Richard Greenberg was born in East Meadow, New York, on February 22, 1958 or 1959—official sources conflict. He was raised there in a middle-class household. His father, Leon, was an executive for the Century Theaters movie chain, and his mother, Shirley, was a housewife. After graduating from East Meadow High School in 1976, Greenberg attended Princeton University, graduating with a Bachelor of Arts degree in English in 1980; one of his instructors was the famed novelist Joyce Carol Oates. He went to graduate school at Harvard University from 1981 to 1982, studying fiction writing and finding that he did not like it as much as he did acting: at that point, he decided to try play writing. The play he wrote earned him acceptance to the Yale School of Drama, where he completed an M.F.A. in 1985.

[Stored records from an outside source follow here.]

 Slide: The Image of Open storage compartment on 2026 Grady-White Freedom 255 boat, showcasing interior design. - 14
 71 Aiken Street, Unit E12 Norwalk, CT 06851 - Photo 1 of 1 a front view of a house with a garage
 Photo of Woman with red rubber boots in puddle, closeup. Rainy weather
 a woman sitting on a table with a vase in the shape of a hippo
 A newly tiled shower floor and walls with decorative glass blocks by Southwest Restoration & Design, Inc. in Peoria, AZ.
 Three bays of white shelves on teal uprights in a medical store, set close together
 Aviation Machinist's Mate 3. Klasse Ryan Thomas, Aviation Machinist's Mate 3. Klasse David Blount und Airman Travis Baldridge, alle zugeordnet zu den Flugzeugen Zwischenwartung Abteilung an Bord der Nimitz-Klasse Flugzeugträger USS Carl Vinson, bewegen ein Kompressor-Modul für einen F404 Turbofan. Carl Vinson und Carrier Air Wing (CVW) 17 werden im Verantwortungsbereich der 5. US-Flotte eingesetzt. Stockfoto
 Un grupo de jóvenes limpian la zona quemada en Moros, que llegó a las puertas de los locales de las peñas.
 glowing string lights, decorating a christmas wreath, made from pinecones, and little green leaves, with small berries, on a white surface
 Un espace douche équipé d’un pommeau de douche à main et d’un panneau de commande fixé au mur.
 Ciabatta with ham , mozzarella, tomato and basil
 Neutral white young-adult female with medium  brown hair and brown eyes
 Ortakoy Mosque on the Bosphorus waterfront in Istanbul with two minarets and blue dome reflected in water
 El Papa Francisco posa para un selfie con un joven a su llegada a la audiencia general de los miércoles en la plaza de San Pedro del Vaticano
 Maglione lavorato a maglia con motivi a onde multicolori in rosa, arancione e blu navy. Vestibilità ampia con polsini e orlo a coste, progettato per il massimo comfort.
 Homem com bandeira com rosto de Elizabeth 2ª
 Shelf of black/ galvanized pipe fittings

Greenberg’s first produced play, The Bloodletters, drew attention from critics when it was first produced in New York in 1985, and after that, Greenberg remained active in the theater world. By 2006, he had produced twenty-eight plays, almost always supported by critical raves. For a brief while in 2003, three of his plays were running on Broadway at once: Take Me Out, The Violet Hour, and a revival of 1988’s Eastern Standard. At one point in the early 2000s, he had five plays in production at one time.
Though he lived in New York City much of his adult life, Greenberg worked with directors across the country. He was a member of Ensemble Studio Theatre and an associate artist at South Coast Repertory in Costa Mesa, California. He won numerous awards, including the 2003 Tony Award for Best Play for Take Me Out and the George Oppenheimer Award and the Los Angeles Drama Critics’ Circle Award, both for Three Days of Rain. He has also been a finalist for the Pulitzer Prize and a nominee for the Drama Desk Award, both for Take Me Out. In 1996, Greenberg and playwright Arthur Miller were the first recipients of the PEN/Laura Pels Award for Drama.